MANILA: The Philippine economy likely finished 2014 strong with growth in the last quarter expected to have regained momentum, putting it on course for another year of solid growth that will allow the central bank to leave policy rates on hold in the near term.
Buoyant consumer demand, strong exports and a recovery in farm output probably helped offset a pull-back in government investment, which had been a big drag on the economy last year and is expected to remain a key risk in 2015.
Economists polled by Reuters expect the data on Thursday to show that gross domestic product rose a seasonally adjusted 1.7 percent in October-December from the previous quarter, faster than the 0.4 percent quarter-on-quarter growth in July-September, which was a more than five-year low.
On an annual basis, the economy probably grew 6.0 percent after expanding 5.3 percent in the September quarter. Growth in the second quarter was 6.4 percent and 5.6 percent in the first quarter.
"A fall in agricultural production and a decline in government spending dragged third quarter GDP growth.
These factors should be transitory, and we expect economic growth to rebound in the fourth quarter report," Moody's Analytics said in a research note.
An increase in the production of crops, livestock and poultry sub-sectors in the fourth quarter, helped push 2014 farm output growth to 1.83 percent, faster than the 1.12 percent uptick in 2013.
Exports in the 11 months to November rose 10 percent from a year earlier, supported by shipments of electronics parts which have been benefitting from improving global demand.
For all of 2014, the same poll forecast growth of 5.8 percent, below the government's 6.5-7.5 percent target and the weakest since 2011, but enough to keep the Philippines in the list of Asia's fastest-growing economies.
Analysts' estimates ranged from annual rises of 5.5 percent to 6.8 percent for 2014.

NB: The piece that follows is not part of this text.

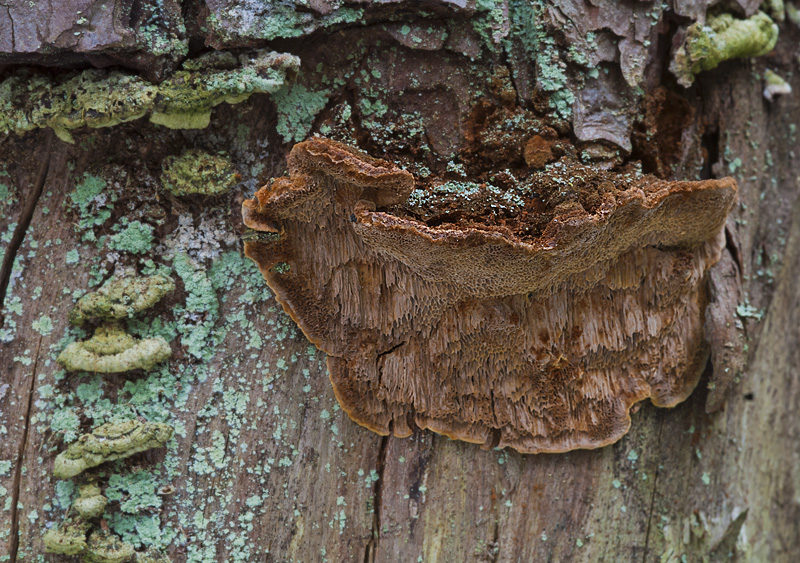 Phellinus pini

Bangko Sentral ng Pilipinas Governor Amando Tetangco has said there was no reason to change its monetary policy stance at the moment but authorities stood ready to keep financial volatility in check.
Analysts expect the central bank to keep the benchmark interest rate steady at 4.0 percent in the first half. The central bank meets for the first time this year on Feb. 12.
The consensus in the same Reuters poll was for GDP to expand at a faster clip of 6.5 percent in 2015, but much of the growth this year will depend on the government's ability to spend its 2.6 trillion peso national budget.
State spending has slowed for most of 2014 after aspects of a 145 billion peso ($3.34 billion) economic stimulus fund the Aquino government created from budget savings were declared illegal by the Supreme Court in July.
That has made public officials more wary about accusations of recklessness and have submitted spending decisions to more scrutiny, putting at risk big infrastructure projects.
"We are still flagging the risk of public under spending spilling over 2015 and remaining a dampener on an otherwise robust growth outlook," said Eugenia Victorino, economist at ANZ in Singapore.
Manila has a 7-8 percent growth goal in 2015.